In the noisy RKHS/GP bandit model, regret rates are now characterized (up to log factors) via information-gain-type complexity terms, but Vakili (COLT 2022) highlights that transferring those analyses to exact (noise-free) observations leaves a substantial, kernel-dependent gap and may even fail to guarantee sublinear regret for some kernels. Pinning down the minimax noise-free rate for Matern kernels would (i) identify the true exploration cost when observations are exact, (ii) clarify whether cumulative regret can be bounded by $O(\log N)$ or $O(1)$ once smoothness $\nu$ meets or exceeds dimension $d$ , and (iii) provide a target rate that future deterministic Bayesian-optimization-style algorithms and lower-bound proofs must match.

§ Known Partial Results

Vakili (2022): Vakili (COLT 2022) formulates the noise-free kernel bandit problem with $f\in\mathcal{H}_k$ , $\|f\|_{\mathcal{H}_k}\le C_k$ , exact observations $y_t=f(x_t)$ , and cumulative regret $R_N=\sum_{t=1}^N(f(x^*)-f(x_t))$ .
Vakili (2022): The note contrasts this with the noisy setting, where regret bounds for GP-style methods are often expressed in terms of a maximal information gain quantity (e.g., $\Gamma_{k,\lambda}(N)=\sup_{\{x_i\}_{i=1}^N}\tfrac12\log\det(I+\lambda^{-2}K)$ ), yielding rates of the form $\tilde O(\Gamma_{k,\lambda}(N)\sqrt{N})$ or $\tilde O(\sqrt{\Gamma_{k,\lambda}(N)\,N})$ depending on the analysis.

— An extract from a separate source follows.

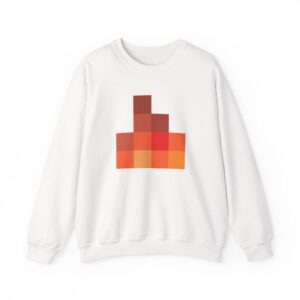 Sapnap's fire Sweatshirt – Gamer Gifts – Dream Smp Sweatshirt – Sapnap flame Sweatshirt – Unisex Sweatshirt
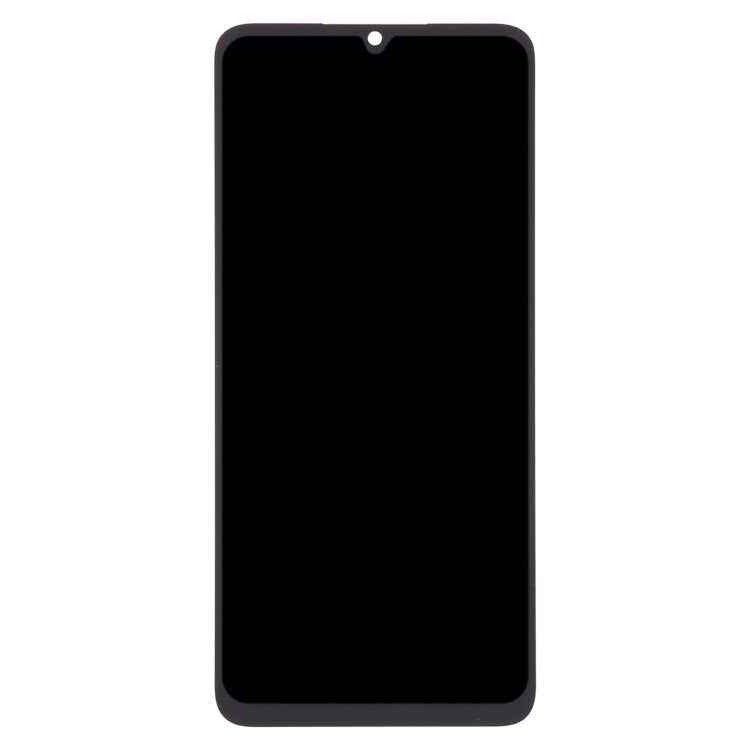 Original IPS Material LCD Screen with Digitizer Full Assembly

Vakili (2022): The note reports that such noisy-style bounds can be loose in the noise-free regime: for Matern kernels they lead to a regret exponent of the form $\tilde O\bigl(N^{(\nu+d)/(2\nu+d)}\bigr)$ , which the note argues is not order-optimal when observations are exact.
Vakili (2022): The note discusses multiple noise-free upper bounds obtained via different strategies (including an explore-then-commit style approach) and emphasizes that, while these bounds can be sublinear, none are proved to match a minimax lower bound for the noise-free problem.
Vakili (2022): The note states a conjectured piecewise-optimal rate for Matern kernels, $R_N=\tilde O\bigl(N^{(d-\nu)/d}\bigr)$ for $d>\nu$ , $\tilde O(\log N)$ for $d=\nu$ , and $\tilde O(1)$ for $d<\nu$ , motivated heuristically by controlling sums of GP posterior standard deviations under near-uniform sampling.